Ewing returned to the Pacific Hotel in Kansas City on August 25th and took pen to paper four days after the Lawrence Massacre to issue General Order No. 11. Little did he know the lasting influence this would have on families. . . and on his own career.

In part, the order read: 

All persons living in Jackson, Cass, and Bates counties, Missouri, and in that part of Vernon included in this district, except those living within one mile of the limits of Independence, Hickman's Mills, Pleasant Hill, and Harrisonville, and except those in that part of Kaw Township, Jackson County, north of Brush Creek and west of Big Blue, are hereby ordered to remove from their present places of residence within fifteen days from the date hereof.

Just fifteen days to vacate.

We know how the weather can be in August in Missouri. The temperature during this fifteen day period hovered between 90 and 100 degrees. . . and it hadn't rained in weeks.

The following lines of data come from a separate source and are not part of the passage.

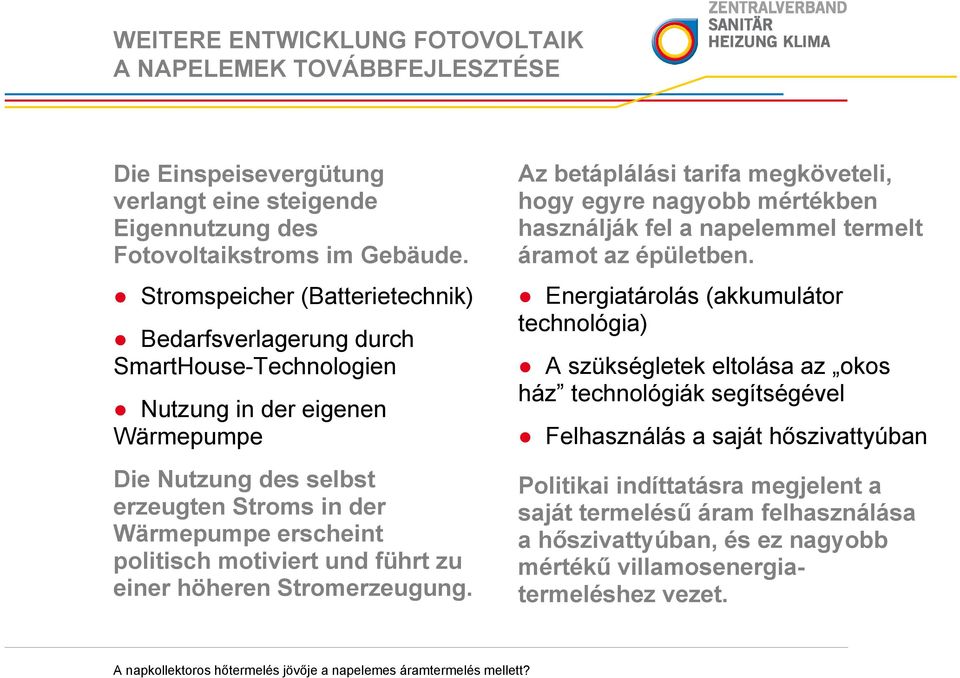 motiviert und führt zu einer höheren Stromerzeugung. Az betáplálási tarifa megköveteli, hogy egyre nagyobb mértékben használják fel a napelemmel termelt áramot az épületben.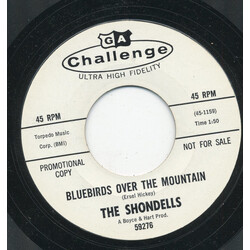 The Shondells Bluebirds Over The Mountain / Everybody's Talkin' USED VINYL 7INCH 45 RPM SINGLE PROMO STYRENE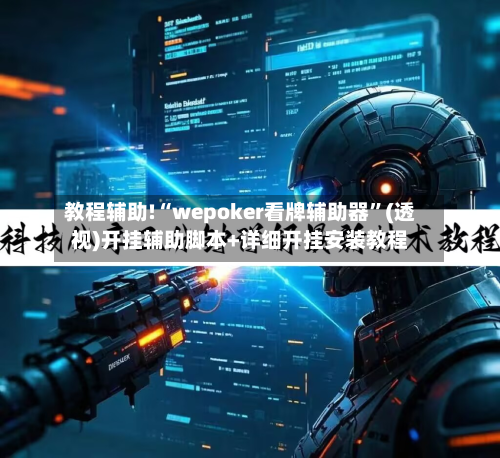 教程辅助!“wepoker看牌辅助器	”(透视)开挂辅助脚本+详细开挂安装教程-第1张图片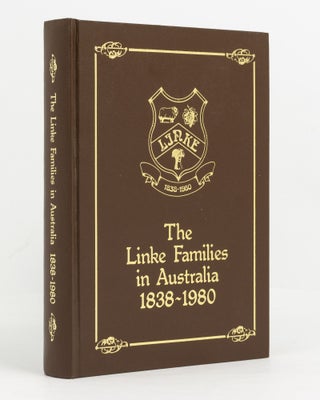 Item #139033 The Linke Families in Australia 1838-1980. A History and Family Tree. Linke Family...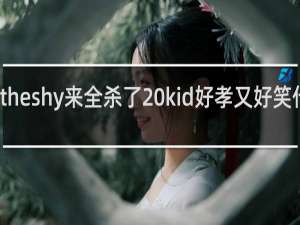 theshy来全杀了 kid好孝又好笑什么梗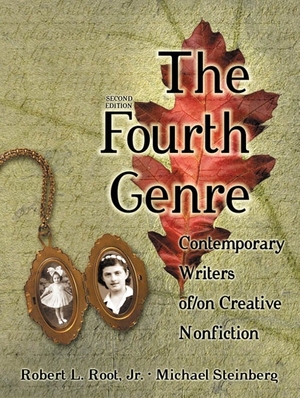The Fourth Genre: Contemporary Writers Of/On Creative Nonfiction by Robert L. Root Jr.
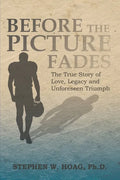 Before the Picture Fades: The True Story of Love, Legacy and Unforeseen Triumph - Paperback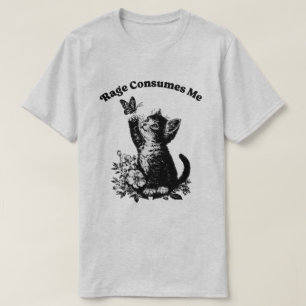 rage consumes me T-Shirt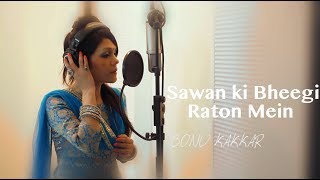 Sawan ki Bheegi Raton Mein - Sonu Kakkar
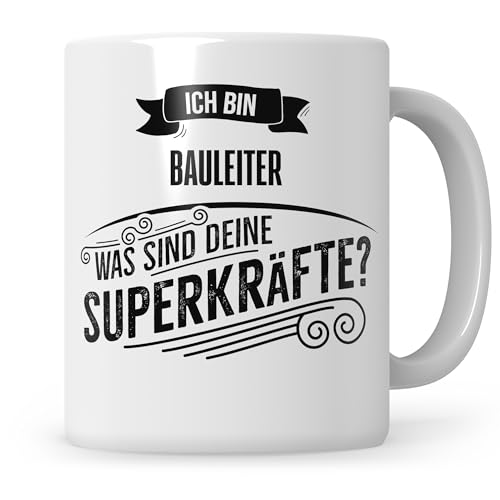 Sweetify Bauleiter Tasse lustig, Ich bin Bauleiter, was sind deine Superkräfte Bauleiter Spruch Kaffeetasse Geschenk von Sweetify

This original Oath of Allegiance dated Sept, 7, 1863 for George W. Kemper shows that he was able to answer questions to the Union's liking and could stay within the Hickman's Mill military post.
Document courtesy of Harvey Kemper
Depriving the bushwhackers of the comforts offered in many western border counties was essential, in Ewing’s mind, to controlling the havoc. Gen. Order No. 11 went on to allow people to report to one of the military posts, which included Hickman’s Mill, Pleasant Hill, Harrisonville, and Kansas City and swear their oath of allegiance to the Union. They would be put under intense questioning, and if their answers were deemed true by soldiers at the post, they would be allowed to stay at the military station.

This map demonstrates the "Burnt District"
outlined in red. The stars represent military posts.
The northwest corner of the map carved out
was the exception of Order No. 11 evacuation.
These people were not allowed, under any circumstances, to return home. They couldn’t jump over the state line to Kansas and settle on the eastern border counties. All of their possessions were left behind-  they were left to carry what they could. Many families buried priceless treasures in hopes they could one day return and reclaim them. All their crops were automatically forfeited to the government.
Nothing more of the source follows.